This is my observation that because the city of San Diego is, and has been, set up for years not to collect as much money as it is set up to spend, it has, slowly but surely, shifted the burden for neighborhood municipal services onto two main groups: nonprofits (and their donors) and small hyperlocal taxing organizations known as either maintenance assessment districts or business improvement districts.

What’s happening is simple: the city government, in so many words, has told neighborhoods from the border to Rancho Bernardo that if they want to protect or improve their parks, libraries, sidewalks or even, sometimes, their police protection, they’ll have to form either their own mini government or they’ll have to form and donate to a nonprofit.

The city has all but declared, for instance, that it cannot maintain Balboa Park and local philanthropic leaders are working furiously to figure out how they will be able to pay for the hundreds of millions of dollars in deferred maintenance and other needs in the park.

Elsewhere, there are more than 40 maintenance assessment districts in the city and that number is growing. Places like Talmadge, for example, are using them to fund things like streetlights. Talmadge has even gone so far to create its own little posse of marked security vehicles.

La Jolla’s library won’t be suffering the same cutbacks in hours that other libraries are.

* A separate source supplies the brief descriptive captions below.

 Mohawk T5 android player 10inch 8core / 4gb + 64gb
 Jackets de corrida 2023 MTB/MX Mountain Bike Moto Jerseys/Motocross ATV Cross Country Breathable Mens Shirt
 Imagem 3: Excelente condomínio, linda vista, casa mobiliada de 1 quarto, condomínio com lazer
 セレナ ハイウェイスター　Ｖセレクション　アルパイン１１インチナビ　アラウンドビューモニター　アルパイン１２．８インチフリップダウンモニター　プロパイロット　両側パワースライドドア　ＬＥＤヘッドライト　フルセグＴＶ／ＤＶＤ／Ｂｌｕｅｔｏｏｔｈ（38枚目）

Why? Donors in La Jolla have made up the difference.

The message is clear, if you care about something the city provides, whether they are fire pits or trash cans, or parks or library hours, you’ll have to either figure out a way to form one of these little governments and get the vote approved by your neighbors, or you’ll have to get donors together.

The city is dissolving.

When I first started talking about this, I expressed it as an inherently obvious negative — a crisis even.

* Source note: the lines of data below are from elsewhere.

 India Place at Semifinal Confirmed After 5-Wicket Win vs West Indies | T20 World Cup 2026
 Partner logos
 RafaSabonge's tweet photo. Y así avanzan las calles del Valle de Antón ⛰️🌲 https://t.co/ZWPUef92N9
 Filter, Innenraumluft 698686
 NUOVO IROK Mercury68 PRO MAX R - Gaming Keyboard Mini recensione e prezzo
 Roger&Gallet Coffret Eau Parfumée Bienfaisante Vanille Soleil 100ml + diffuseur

But there’s one person in San Diego working very hard to cast these changes as a very positive opportunity to recreate a fundamentally flawed municipal system.

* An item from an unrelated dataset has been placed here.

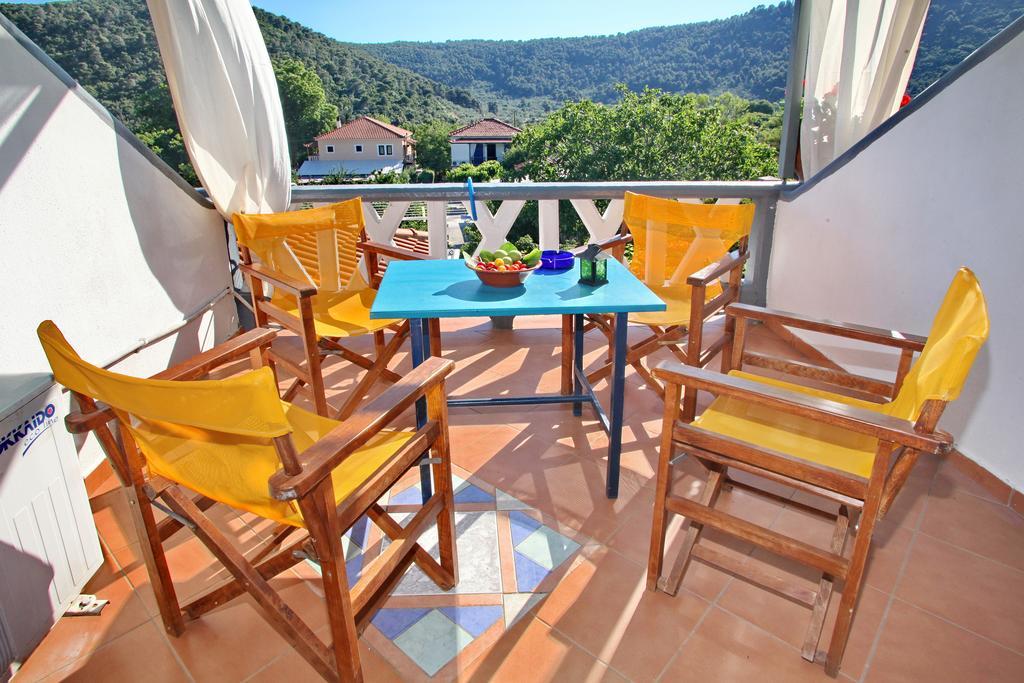 Alexandra Sofia Apartment Stafylos Ngoại thất bức ảnh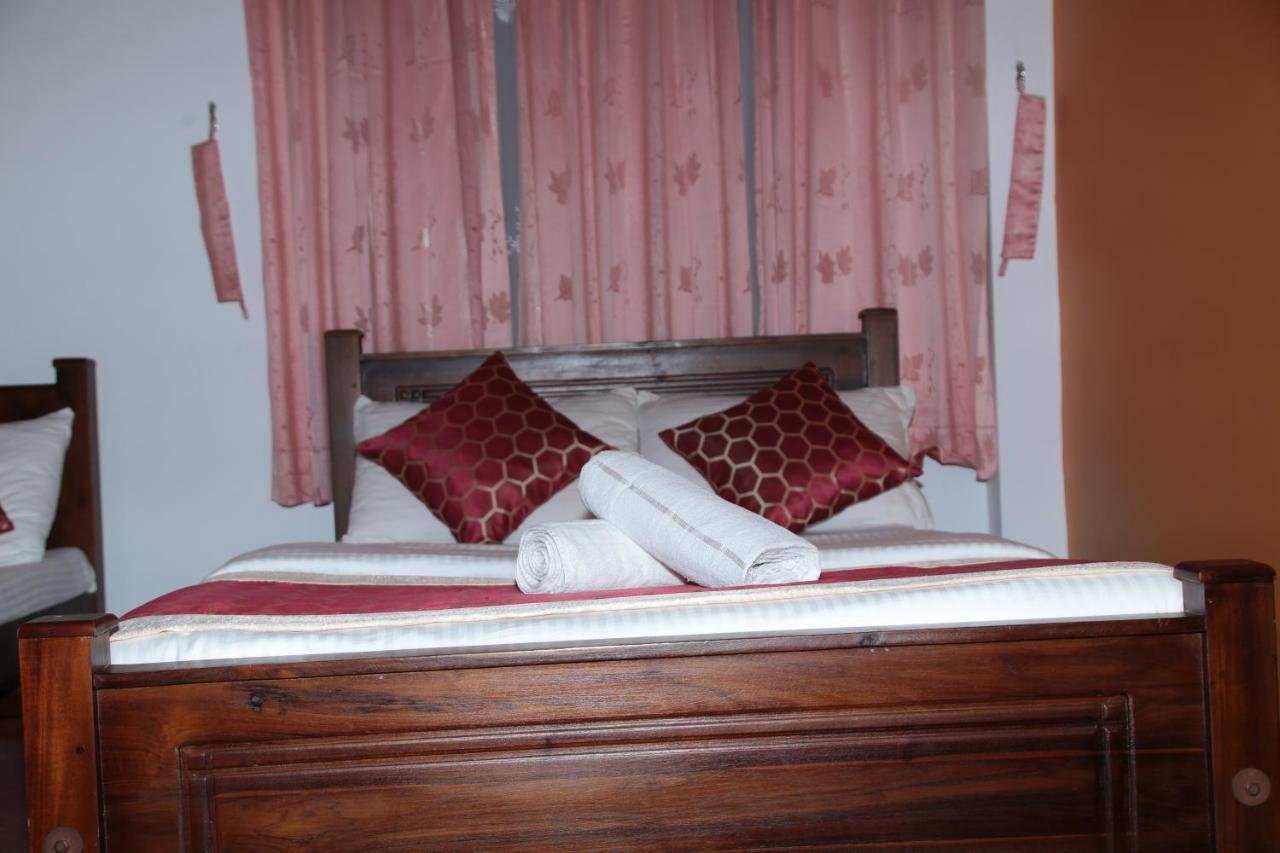 Goodwill Lanka Cottage Nuwara Eliya Exterior photo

Marco Li Mandri is the man most credit for the success of Little Italy. He runs the Little Italy Association and his business, New City America, goes around the country trying to set up these mini governments.

Full disclosure: When my wife and I moved to San Diego in 2003, we bought a condo in Little Italy and absolutely loved the neighborhood. We left it in 2005 and the community has only improved since then. It is full of amenities, it’s walkable, serviceable by public transit and just plain pleasant in an urban way the rest of downtown has failed to replicate.

In so many words, Li Mandri says let the city dissolve. Parks, libraries, sidewalks should all be taken care of locally by neighbors who have a direct say in how their neighborhood taxes are spent. Let the city of San Diego handle much bigger concerns.

So to start this series of Q&As with locals thinking about 2010, I’m going with Li Mandri. Here are his thoughts. They are provocative so I look forward to reading your responses.

In your opinion, what would the ideal municipal government look like? Who would provide the major city services like water, fire and police protection, sewage and mass transit? Who would provide the neighborhood services like parks, libraries and other needs?

We have run cities essentially the same for the past 100 years, ever since the introduction of the “progressive movement” in the state of California. We are at the functional end of this phase of city management.

Since WWII, and with factors including inexpensive energy, cheap water, cheap land, few restrictions on land development, and relatively cheap government, and an ever-expanding tax base, we became enchanted that government should do much more than it should.

The priorities of local government, specifically San Diego, should be public safety, (police, fire, paramedic, lifeguards), clean water, good planning rules, good zoning, promotion of easy and efficient transportation, setting the foundation for vibrant economic development, quality education and setting the foundation for community run parks and libraries.

Civil service and professional city management as concepts are now five generations old and they have created a structural deficit in the local government that is unresolvable.

San Diego, as a city municipal government, must be restructured. We probably need about 6-7,000 employees to run the city, not 10,000. That would resolve our actuarial problems.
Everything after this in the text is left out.